H. Ouellette-Kuntz, MSc (1,2,3); H. Coo, MSc (1,2); C. T. Yu, PhD (2,4,5); M. E. Lewis, MD (2,6); D. Dewey, PhD (2,7,8,9); P. E. Hennessey, BA (10); P. D. Jackman, MSc (11); M. M. Breitenbach, MSEd (12); J. J. Holden, PhD (2,13,14)
This article has been peer reviewed.
Correspondence: Hélène Ouellette-Kuntz, Department of Community Health and Epidemiology, Queen’s University, 191 Portsmouth Avenue, Kingston, O N K7M 8A6; Tel.: (613) 548-4417; Fax: (613) 548-8135; Email: email@example.com.
In 2001, the Autism Spectrum Disorders–Canadian-American Research Consortium (ASD-CARC) launched a program of research on autism spectrum disorders (ASD). As part of that undertaking, and in response to concerns about the growing proportion of children diagnosed with ASD,1,2 the National Epidemiologic Database for the Study of Autism in Canada (NEDSAC; www.nedsac.ca ) was created as a multi-site ASD surveillance program. Government departments, clinicians and researchers[*] collaborated to establish regional teams to collect information (see Table 1) on children with ASD in British Columbia, Calgary (Alberta), Manitoba, southeastern Ontario,[†] Prince Edward Island, and Newfoundland and Labrador. NEDSAC provides estimates of the prevalence of ASD in Canadian children and a profile of those who are affected,3 and allows researchers to monitor trends in age at diagnosis.4 These data can help the health, education and social services sectors with planning and allocation of resources.5,6
Demographics of children with ASD
Abbreviations: ASD, autism spectrum disorders; NEDSAC, National Epidemiologic Database for the Study of Autism in Canada
Different approaches are used to estimate the prevalence of ASD. One is to conduct population screening to identify suspected or diagnosed cases, followed by an assessment process to confirm or rule out the diagnosis. This approach is exemplified by a study done in Karlstad, Sweden: investigators used a combination of procedures to screen 826 children born there in 1985 and still living there in 1992.7 The children were observed in various settings, and their parents and teachers were interviewed to assign a diagnosis. This approach has the potential to capture undiagnosed cases and allows for direct assessment to verify case status. However, low response rates, with potentially biased estimates, are a concern.8 Moreover, it is too costly to use such an approach for ongoing surveillance in large populations.

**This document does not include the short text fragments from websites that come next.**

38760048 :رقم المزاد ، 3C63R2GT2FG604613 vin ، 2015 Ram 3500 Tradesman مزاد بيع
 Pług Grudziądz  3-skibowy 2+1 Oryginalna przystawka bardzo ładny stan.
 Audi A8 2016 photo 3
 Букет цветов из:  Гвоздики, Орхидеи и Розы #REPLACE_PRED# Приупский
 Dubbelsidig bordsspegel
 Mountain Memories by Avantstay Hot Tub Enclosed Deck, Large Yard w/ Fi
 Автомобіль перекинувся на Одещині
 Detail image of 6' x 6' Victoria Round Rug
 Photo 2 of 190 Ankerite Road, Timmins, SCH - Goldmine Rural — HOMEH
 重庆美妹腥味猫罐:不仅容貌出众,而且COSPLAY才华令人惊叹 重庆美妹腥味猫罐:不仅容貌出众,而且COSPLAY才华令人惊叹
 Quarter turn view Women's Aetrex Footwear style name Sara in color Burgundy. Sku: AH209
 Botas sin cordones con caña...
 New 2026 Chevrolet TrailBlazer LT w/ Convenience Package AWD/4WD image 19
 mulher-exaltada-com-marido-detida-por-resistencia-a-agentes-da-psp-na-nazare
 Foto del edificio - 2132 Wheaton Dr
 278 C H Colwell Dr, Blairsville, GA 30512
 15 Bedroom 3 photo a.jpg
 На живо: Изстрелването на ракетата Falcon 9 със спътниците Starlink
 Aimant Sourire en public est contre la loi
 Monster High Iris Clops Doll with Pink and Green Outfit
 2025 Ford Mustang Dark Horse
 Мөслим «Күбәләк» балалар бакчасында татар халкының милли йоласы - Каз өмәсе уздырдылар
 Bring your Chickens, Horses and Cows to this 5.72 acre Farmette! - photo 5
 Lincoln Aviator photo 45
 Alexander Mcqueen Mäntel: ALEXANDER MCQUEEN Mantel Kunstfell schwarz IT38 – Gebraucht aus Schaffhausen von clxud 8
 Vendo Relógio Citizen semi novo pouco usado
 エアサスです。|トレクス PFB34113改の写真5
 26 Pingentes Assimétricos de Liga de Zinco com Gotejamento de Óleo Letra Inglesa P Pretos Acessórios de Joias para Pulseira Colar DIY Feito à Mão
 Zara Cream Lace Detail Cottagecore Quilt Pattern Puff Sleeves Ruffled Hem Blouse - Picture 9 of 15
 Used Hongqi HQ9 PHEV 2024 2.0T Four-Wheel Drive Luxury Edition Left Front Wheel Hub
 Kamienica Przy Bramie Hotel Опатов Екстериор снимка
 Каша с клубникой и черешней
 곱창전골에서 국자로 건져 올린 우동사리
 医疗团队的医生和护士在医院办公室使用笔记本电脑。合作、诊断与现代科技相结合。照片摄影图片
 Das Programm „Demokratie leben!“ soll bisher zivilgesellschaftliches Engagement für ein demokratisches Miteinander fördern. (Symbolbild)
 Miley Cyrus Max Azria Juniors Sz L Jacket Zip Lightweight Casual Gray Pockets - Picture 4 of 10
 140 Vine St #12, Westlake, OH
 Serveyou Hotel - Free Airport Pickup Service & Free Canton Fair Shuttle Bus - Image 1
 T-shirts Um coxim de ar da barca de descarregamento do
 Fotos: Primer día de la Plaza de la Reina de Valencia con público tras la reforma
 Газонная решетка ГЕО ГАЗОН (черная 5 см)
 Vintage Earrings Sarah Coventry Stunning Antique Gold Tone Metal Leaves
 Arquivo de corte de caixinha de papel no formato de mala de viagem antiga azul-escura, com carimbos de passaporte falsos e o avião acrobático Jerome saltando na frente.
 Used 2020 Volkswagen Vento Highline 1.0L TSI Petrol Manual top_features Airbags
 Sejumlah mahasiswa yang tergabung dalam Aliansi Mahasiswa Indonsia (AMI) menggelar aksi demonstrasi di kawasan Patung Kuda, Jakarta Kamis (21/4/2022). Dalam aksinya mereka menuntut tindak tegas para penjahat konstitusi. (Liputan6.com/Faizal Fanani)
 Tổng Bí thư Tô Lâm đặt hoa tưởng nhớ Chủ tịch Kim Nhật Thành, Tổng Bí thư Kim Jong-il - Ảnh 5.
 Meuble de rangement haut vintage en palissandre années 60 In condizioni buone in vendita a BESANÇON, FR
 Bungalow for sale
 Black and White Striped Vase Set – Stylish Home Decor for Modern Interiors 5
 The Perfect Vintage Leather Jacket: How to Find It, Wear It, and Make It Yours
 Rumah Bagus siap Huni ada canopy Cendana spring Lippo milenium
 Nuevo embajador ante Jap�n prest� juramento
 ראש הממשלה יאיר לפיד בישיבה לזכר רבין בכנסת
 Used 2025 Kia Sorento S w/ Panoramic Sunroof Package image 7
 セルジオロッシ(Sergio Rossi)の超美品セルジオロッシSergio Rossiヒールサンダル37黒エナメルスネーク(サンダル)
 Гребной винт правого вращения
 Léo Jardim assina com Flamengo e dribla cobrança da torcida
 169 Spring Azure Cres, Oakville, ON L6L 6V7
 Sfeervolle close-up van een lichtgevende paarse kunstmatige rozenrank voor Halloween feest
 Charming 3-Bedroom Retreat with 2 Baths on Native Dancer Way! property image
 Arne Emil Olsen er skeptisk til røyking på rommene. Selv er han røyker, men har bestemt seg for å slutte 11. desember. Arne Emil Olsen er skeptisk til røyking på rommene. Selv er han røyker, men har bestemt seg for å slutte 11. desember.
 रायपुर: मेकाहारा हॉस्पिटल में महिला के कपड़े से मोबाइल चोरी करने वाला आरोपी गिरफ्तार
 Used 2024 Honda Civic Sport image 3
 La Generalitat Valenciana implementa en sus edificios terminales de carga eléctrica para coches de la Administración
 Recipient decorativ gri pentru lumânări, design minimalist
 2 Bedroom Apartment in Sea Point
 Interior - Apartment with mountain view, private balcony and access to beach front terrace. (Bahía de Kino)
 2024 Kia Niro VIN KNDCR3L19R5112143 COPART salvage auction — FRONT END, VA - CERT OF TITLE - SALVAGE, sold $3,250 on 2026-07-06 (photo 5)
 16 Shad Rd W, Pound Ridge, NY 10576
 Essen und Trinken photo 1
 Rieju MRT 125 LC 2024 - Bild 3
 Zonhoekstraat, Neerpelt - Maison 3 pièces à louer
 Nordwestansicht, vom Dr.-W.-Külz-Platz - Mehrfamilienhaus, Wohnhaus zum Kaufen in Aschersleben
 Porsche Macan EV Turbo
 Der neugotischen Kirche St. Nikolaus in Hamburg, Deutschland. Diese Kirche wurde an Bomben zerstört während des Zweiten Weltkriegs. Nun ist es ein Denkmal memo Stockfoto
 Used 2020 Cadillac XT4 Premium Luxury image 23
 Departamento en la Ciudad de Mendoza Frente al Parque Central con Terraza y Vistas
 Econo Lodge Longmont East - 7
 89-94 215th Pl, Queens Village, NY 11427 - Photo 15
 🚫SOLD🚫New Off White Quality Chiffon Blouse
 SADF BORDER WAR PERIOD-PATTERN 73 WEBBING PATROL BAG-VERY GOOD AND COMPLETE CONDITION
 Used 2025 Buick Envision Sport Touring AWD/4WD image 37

A records-review approach is used by the Autism and Developmental Disabilities Monitoring Network in the United States.9,10 Using standardized procedures and a common case definition, data are abstracted from health and education[‡] records and reviewed by clinicians to assign case status.9,10 This surveillance approach was deemed unfeasible in Canada: privacy legislation makes access to school records difficult, if not impossible, for researchers, and identifying cases through health sources alone could miss substantial numbers of children with ASD.9,10
A third approach relies on survey data to estimate the prevalence of ASD. For example, investigators in the United States analyzed responses to the 2007 National Survey of Children's Health; a child was considered to have ASD if the caregiver reported that the child had been diagnosed by a physician or other health care provider and still had the diagnosis.11 Statistics Canada’s quinquennial Participation and Activity Limitation Survey (PALS) contains a question specific to the occurrence of autism.12 The PALS is not, however, a general population survey; its target population comprises individuals who responded “yes” to either of two questions on the Census concerning limitations of activity. Moreover, the Federal Government recently announced that it will no longer be conducting the PALS (Statistics Canada, personal communication, 30 June 2011).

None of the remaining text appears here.